**What is being asked**
Scan the data below for lines holding the word "white", and copy each line found.

[Source data]
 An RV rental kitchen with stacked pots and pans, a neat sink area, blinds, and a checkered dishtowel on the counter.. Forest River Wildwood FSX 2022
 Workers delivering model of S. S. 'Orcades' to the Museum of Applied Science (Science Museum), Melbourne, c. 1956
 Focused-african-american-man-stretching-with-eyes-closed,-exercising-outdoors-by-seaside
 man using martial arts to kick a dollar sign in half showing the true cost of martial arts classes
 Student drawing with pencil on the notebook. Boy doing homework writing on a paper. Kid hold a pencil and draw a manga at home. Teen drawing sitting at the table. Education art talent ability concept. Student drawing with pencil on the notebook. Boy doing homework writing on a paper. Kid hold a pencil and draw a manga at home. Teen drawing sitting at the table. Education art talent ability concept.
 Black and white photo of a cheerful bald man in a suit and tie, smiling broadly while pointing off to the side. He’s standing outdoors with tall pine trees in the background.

* * *

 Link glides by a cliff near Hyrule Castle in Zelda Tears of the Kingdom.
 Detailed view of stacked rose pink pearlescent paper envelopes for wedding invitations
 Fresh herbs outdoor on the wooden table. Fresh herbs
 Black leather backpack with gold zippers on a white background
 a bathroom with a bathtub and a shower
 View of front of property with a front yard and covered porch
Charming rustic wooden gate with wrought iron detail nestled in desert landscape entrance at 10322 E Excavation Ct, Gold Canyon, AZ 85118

**Solution to the problem**
 Black and white photo of a cheerful bald man in a suit and tie, smiling broadly while pointing off to the side. He’s standing outdoors with tall pine trees in the background.
 Black leather backpack with gold zippers on a white background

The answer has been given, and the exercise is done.